Handling Complex Memory Situations

Jérôme Glisse felt that the time had come for the Linux kernel to address seriously the issue of having many different types of memory installed on a single running system. There was main system memory and device-specific memory, and associated hierarchies regarding which memory to use at which time and under which circumstances. This complicated new situation, Jérôme said, was actually now the norm, and it should be treated as such.

The physical connections between the various CPUs and devices and RAM chips—that is, the bus topology—also was relevant, because it could influence the various speeds of each of those components.

Jérôme wanted to be clear that his proposal went beyond existing efforts to handle heterogeneous RAM. He wanted to take account of the wide range of hardware and its topological relationships to eek out the absolute highest performance from a given system.

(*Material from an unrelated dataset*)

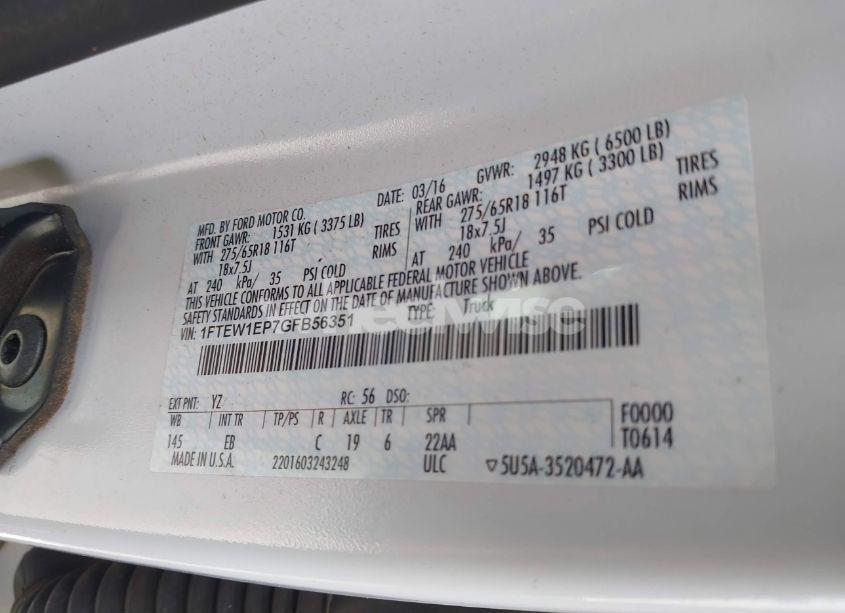 Photo 9 of 2016 Ford F-150 LARIAT (VIN 1FTEW1EP7GFB56351)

He said:

One of the reasons for radical change is the advance of accelerator like GPU or FPGA means that CPU is no longer the only piece where computation happens. It is becoming more and more common for an application to use a mix and match of different accelerator to perform its computation. So we can no longer satisfy our self with a CPU centric and flat view of a system like NUMA and NUMA distance.

He posted some patches to accomplish several different things. First, he wanted to expose the bus topology and memory variety to userspace as a clear API, so that both the kernel and user applications could make the best possible use of the particular hardware configuration on a given system. A part of this, he said, would have to take account of the fact that not all memory on the system always would be equally available to all devices, CPUs or users.

To accomplish all this, his patches first identified four basic elements that could be used to construct an arbitrarily complex graph of CPU, memory and bus topology on a given system.

These included "targets", which were any sort of memory; "initiators", which were CPUs or any other device that might access memory; "links", which were any sort of bus-type connection between a target and an initiator; and "bridges", which could connect groups of initiators to remote targets.

Aspects like bandwidth and latency would be associated with their relevant links and bridges. And, the whole graph of the system would be exposed to userspace via files in the SysFS hierarchy.